# Marty's Thingy



## Torby (Jan 2, 2008)

I didn't take many pictures this year. I used to try to shoot everything. Now I just play. 

I arrived about 4:00 Friday afternoon. After getting set up and finding an open frequency & channel, I played trains for a while. Then it was time for supper at an Italian Buffet. Good stuff. Rained Friday Evening.


Spent all day Saturday and Sunday training.

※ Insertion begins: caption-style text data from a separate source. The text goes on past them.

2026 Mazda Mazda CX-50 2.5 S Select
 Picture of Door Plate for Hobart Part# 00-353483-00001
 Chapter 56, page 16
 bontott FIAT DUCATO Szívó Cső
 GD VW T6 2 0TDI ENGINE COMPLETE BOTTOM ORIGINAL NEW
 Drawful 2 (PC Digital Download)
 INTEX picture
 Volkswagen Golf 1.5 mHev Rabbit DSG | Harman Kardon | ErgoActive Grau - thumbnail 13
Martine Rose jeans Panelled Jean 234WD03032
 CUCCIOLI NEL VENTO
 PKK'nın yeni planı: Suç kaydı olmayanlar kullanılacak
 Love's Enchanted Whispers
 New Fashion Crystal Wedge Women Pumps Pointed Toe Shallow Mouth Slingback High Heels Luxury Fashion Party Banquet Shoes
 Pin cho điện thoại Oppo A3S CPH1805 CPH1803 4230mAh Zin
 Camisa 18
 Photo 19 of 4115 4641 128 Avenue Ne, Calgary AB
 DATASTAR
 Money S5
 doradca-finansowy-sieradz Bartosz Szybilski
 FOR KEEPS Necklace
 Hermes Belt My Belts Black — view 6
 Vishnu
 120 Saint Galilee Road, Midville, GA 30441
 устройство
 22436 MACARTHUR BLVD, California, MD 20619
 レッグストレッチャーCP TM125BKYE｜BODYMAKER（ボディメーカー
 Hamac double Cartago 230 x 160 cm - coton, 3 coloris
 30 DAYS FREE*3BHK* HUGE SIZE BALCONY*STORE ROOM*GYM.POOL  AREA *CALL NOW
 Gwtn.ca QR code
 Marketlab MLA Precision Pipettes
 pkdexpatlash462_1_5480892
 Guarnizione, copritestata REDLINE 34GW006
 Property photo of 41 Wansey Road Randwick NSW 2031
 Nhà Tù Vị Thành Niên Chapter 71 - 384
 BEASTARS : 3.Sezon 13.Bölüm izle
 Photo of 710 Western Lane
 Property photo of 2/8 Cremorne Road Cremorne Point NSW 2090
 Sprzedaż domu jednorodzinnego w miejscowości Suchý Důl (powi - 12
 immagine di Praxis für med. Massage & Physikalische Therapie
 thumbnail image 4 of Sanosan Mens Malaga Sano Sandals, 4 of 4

Look how close they let me get to it


















Disaster on the high line. Yes, that's an RCS remote laying there in pieces.










4019 on the high line.




















I love Marty's bridges and trestles.










Hijacked by aliens!










Wanna help me blow up a train?


I left Monday Morning and stopped at Kidman's 'cause it seemed silly to be going right by and not stop. Their beautiful garden has lots of water and rocks. No, I didn't take any pictures. He has stainless track and keeps a train on the track under part of the house. Using track power, he just cleared some leaves and logs out of the way and ran after leaving it sit for several days.


----------



## Jerry Barnes (Jan 2, 2008)

Nice pix Tom.


----------



## Bryan Smith (Jan 2, 2008)

Torby, Are you try to kill my engine on Bridge?


----------



## Torby (Jan 2, 2008)

Brian and I ran side by side for a while. Marty's outside and inside tracks diverge, but when they came back together, we were right together again. Was rather fun matching each other's speed.


----------